# taz.de -- Geisterspielakkustik in der Bundesliga: Geschnaufe und Geknirsche
       
       > Die Geräusche aus den Stadien gehören zu den größeren Zumutungen des
       > Corona-Spielbetriebs. Eingespielte Fangesänge machen es nicht besser.
       
 (IMG) Bild: Immer am Schreien: Paderborns Trainer Steffen Baumgart
       
       Das Hygienekonzept der DFL für den gefahrlosen Kick in Coronazeiten ist
       vielfach gelobt worden. Dabei enthält es eine eklatante Sicherheitslücke:
       Es fehlt das Sauerstoffzelt für Steffen Baumgart. Der Trainer des SC
       Paderborn brüllt, scheucht und motiviert seine Mannschaft nämlich bei jedem
       Spiel so lautstark, dass die Zuschauer vor den Fernsehgeräten bang auf den
       Moment warten, in dem der massige Coach unter Luftknappheit röchelnd
       darniedersinkt. In der Pressekonferenz nach den Spielen ist Baumgart dann
       immer so heiser, als hätte er tagelang mit seiner Clique im Sauerlandstern
       herumgegrölt.
       
       Nun könnte man die gesellige Ader des Coachs erst einmal unterhaltsam
       finden.

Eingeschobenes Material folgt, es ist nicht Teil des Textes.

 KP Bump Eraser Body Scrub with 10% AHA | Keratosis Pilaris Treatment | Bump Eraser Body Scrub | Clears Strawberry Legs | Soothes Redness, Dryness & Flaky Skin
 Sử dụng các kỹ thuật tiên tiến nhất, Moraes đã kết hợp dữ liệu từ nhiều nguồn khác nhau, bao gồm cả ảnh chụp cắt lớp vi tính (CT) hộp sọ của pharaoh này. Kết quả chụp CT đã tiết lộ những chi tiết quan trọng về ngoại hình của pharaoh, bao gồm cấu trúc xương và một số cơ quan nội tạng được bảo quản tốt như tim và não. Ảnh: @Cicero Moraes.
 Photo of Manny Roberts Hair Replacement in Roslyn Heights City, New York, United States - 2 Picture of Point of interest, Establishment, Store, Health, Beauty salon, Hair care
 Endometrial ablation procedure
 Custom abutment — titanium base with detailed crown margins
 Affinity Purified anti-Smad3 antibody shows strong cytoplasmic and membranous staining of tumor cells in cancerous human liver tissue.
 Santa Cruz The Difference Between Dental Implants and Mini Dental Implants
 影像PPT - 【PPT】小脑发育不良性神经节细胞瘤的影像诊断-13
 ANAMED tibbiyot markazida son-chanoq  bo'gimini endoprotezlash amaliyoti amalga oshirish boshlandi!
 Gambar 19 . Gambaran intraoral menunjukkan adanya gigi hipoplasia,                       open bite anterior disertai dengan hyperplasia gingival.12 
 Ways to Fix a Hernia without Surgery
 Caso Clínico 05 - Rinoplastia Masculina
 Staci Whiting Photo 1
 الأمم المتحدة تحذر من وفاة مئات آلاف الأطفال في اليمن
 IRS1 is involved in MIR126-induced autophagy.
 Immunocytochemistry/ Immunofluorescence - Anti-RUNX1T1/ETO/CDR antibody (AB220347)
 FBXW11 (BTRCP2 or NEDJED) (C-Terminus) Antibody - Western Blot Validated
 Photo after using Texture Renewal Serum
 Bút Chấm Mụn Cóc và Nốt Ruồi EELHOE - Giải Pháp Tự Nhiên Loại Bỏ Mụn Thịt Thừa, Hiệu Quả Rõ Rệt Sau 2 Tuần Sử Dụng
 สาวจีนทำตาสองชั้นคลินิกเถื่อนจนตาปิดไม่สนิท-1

Die lautstarke Performance des Steffen Baumgart wirft jedoch auch
       ein grelles Schlaglicht auf eine der größeren Zumutungen, die der
       [1][Geisterspielbetrieb der Bundesligen] mit sich bringt: die Geräusche auf
       dem Spielfeld. Die wurden vor der Coronakrise gnädig vom [2][Schallteppich
       des Stadionlärms] zugedeckt, nun hören wir das Geschnaufe der
       Abwehrspieler, das dumpfe Geknirsche, wenn Schienbeine auf Stollen treffen,
       und vor allem die Rufe von der Trainerbank zum Spielfeld.
       
       Hatten wir bisher gedacht, die Trainer würden wenigstens einigermaßen
       gehaltvolle taktische Anweisungen zum Verhalten im ballfernen Raum
       hineinrufen, so stellen wir nun ernüchtert fest, dass sich die Befehle der
       Profitrainer nicht wesentlich von dem verzerrten Gebrüll mancher
       Kreisligacoachs unterscheiden. Das beginnt schon mit der markigen
       Standardeinleitung: „Männer!“, mit der früher sicher auch an der Ostfront
       zur Flucht aus dem Russenkessel aufgerufen wurde.
       
       Und es geht nicht viel gehaltvoller weiter. In der Regel geht es nicht um
       Deckungsschatten, abkippende Sechser und Überzahl in Ballnähe, sondern in
       unterschiedlichen Formulierungen immer nur darum, zu kämpfen, zuzupacken,
       nicht nachzulassen.
       
       ## Die Hacken zusammen!
       
       Sicher, schon zuvor hatte es mal Versuche gegeben, dem Zuschauer zu Hause
       zu vermitteln, was auf dem Feld so gesprochen wird. Als bei der EM 2008 der
       italienische Schiedsrichter Massimo Busacca und sein Team verkabelt wurden
       und einer der Assistenten den Boss vor kommendem Regen warnt, raunzte
       Busacca nur: „Nicht mein Problem, halt die Klappe.“ Ähnlich markant gab
       sich auch der deutsche Referee Deniz Aytekin, der aufmüpfige Spieler derart
       in den Senkel stellte, dass diese am Ende am liebsten noch brav die Hacken
       zusammengeknallt hätten.
       
       Da schaut man anfangs noch fasziniert bis angewidert hin, will dann aber am
       liebsten zur Fernbedienung greifen und schnell die inzwischen überall
       angebotene Option „Fangesänge“ aufrufen. Das allerdings ist ein noch
       obszöneres Unterfangen. Auf menschenleere Stehränge zu starren und dabei
       donnernde Choräle zu hören, macht schlechte Laune, zumal sich die TV-Sender
       nicht einmal die Mühe gemacht haben, die Gesänge der jeweiligen
       Spielsituation anzupassen.
       
       Als sich Schalke 04 bei Borussia Dortmund kürzlich willenlos aus dem
       Stadion hat schießen lassen, donnerten, immer wenn der Ball im Schalker
       Netz zappelte, königsblaue Gesänge über die Tonspur. Dabei weiß doch jeder,
       dass der gemeine Schalker Fan nach Gegentoren immer ungefähr zwei Sekunden
       schweigt, um dann umso lauter den Rausschmiss des Trainers zu fordern.
       
       Es müssen also neue, kreativere Lösungen her, um den Originalton aus dem
       Stadion nicht mehr hören zu müssen. Vielleicht könnte die
       „Jeopardy“-Melodie in Dauerschleife laufen. Oder ein professioneller
       Geräuschemacher untermalt jeden Ballkontakt mit einem lustigen Geräusch.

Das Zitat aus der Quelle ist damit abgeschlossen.